Aim of the exercise: Transcribe each entry exactly as it appears, leaving out any picture it holds.

═══ Supplied material

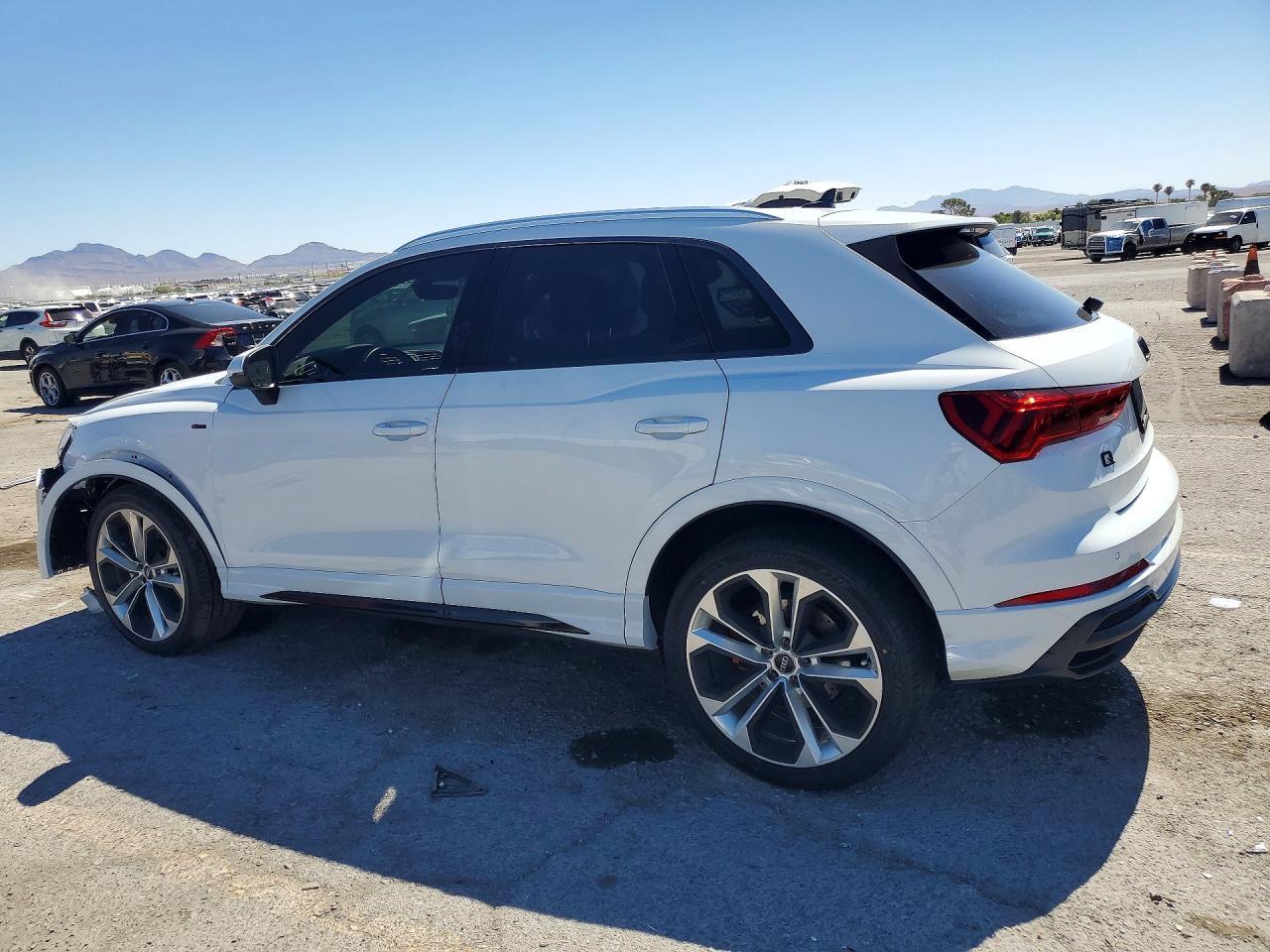 2019 AUDI Q3 — фото 2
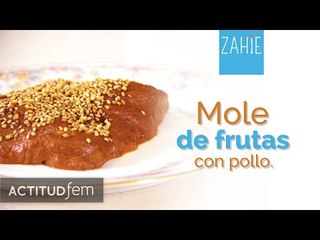 Receta fácil: Cómo hacer pollo con mole | ActitudFEM
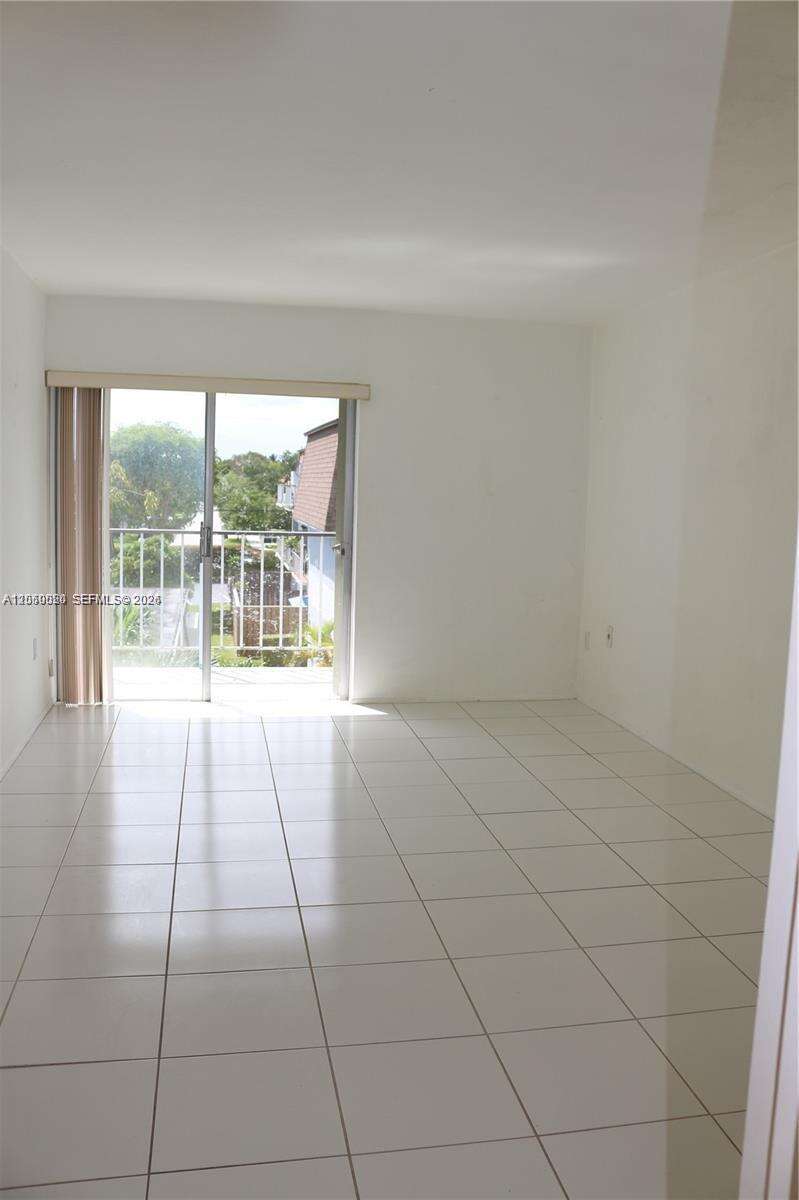 Woodside In Kendall | Unit #306A Unit #306A | Picture 5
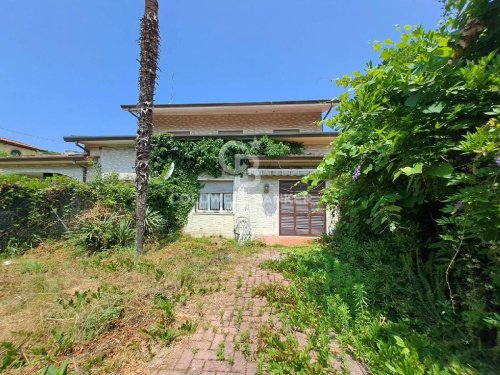 Villa a Forte dei Marmi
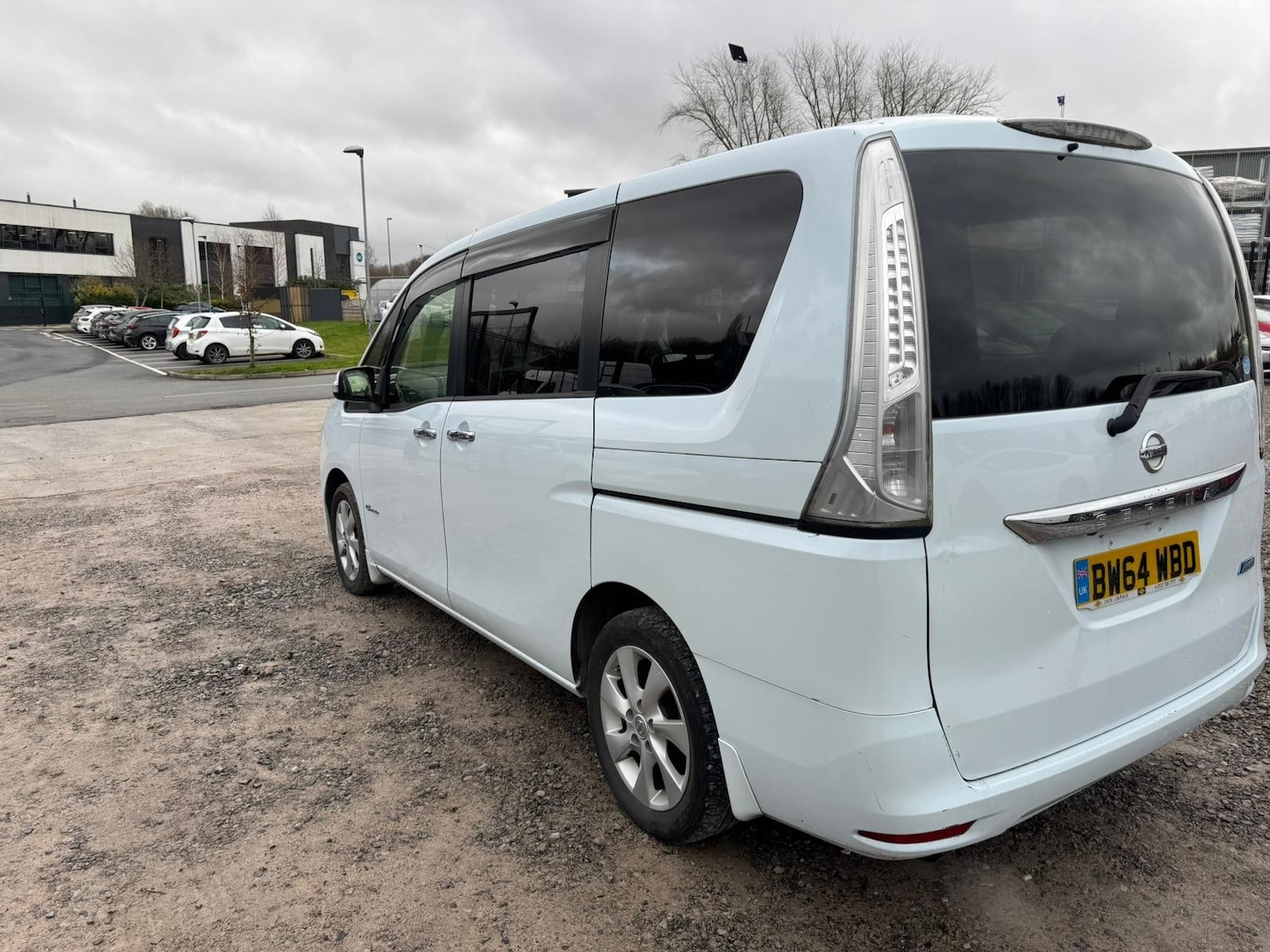 Used Nissan Serena 2026 for sale - 77327259: Photo 6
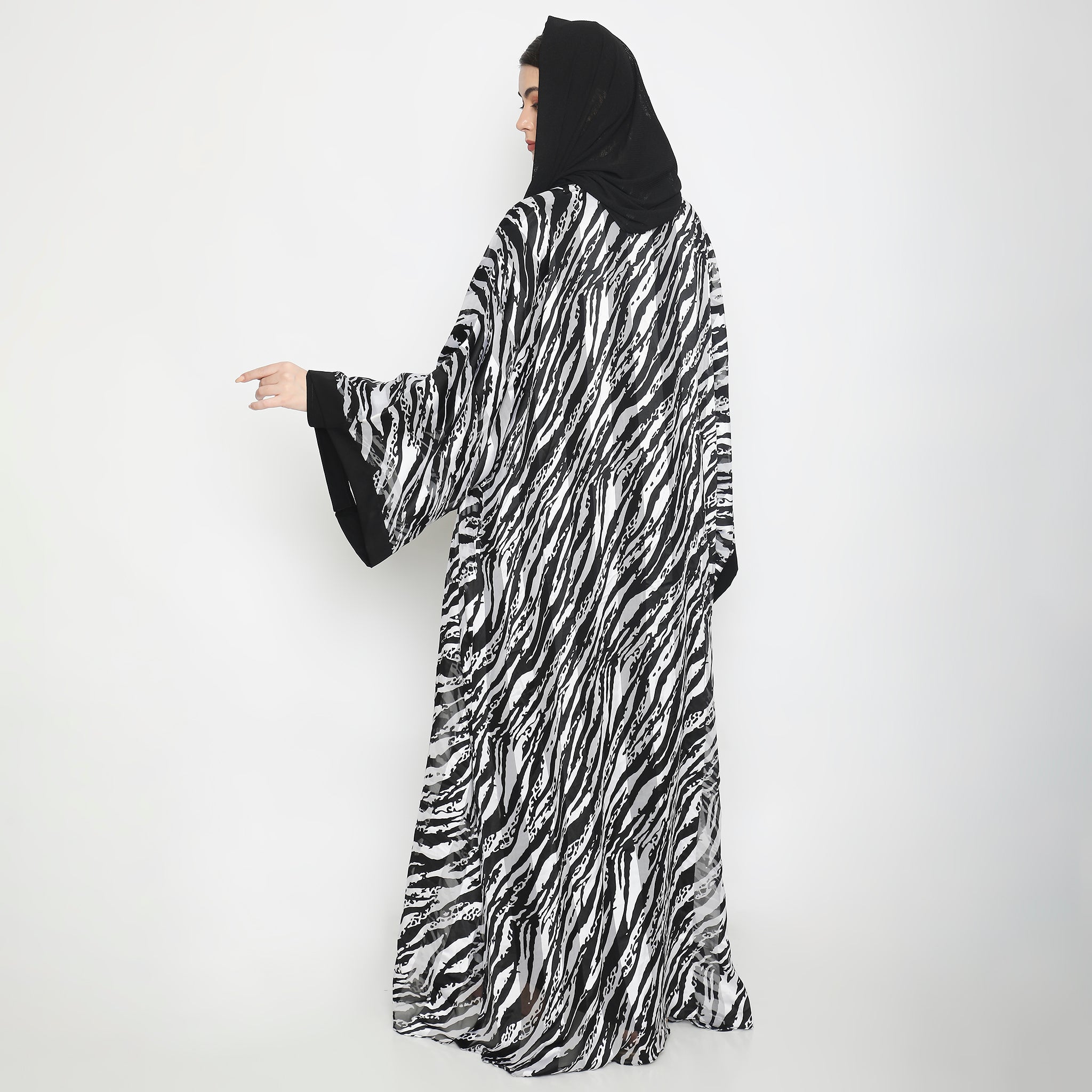 Patches Abaya - Leopard Print / Black Abaya / popular Leopard Abaya / Animal Print Abaya / Plus Size Abaya / Dubai Abaya / Plus Size Black Abaya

══════

The completed task:
 2019 AUDI Q3 — фото 2
 Receta fácil: Cómo hacer pollo con mole | ActitudFEM
 Woodside In Kendall | Unit #306A Unit #306A | Picture 5
 Villa a Forte dei Marmi
 Used Nissan Serena 2026 for sale - 77327259: Photo 6
 Patches Abaya - Leopard Print / Black Abaya / popular Leopard Abaya / Animal Print Abaya / Plus Size Abaya / Dubai Abaya / Plus Size Black Abaya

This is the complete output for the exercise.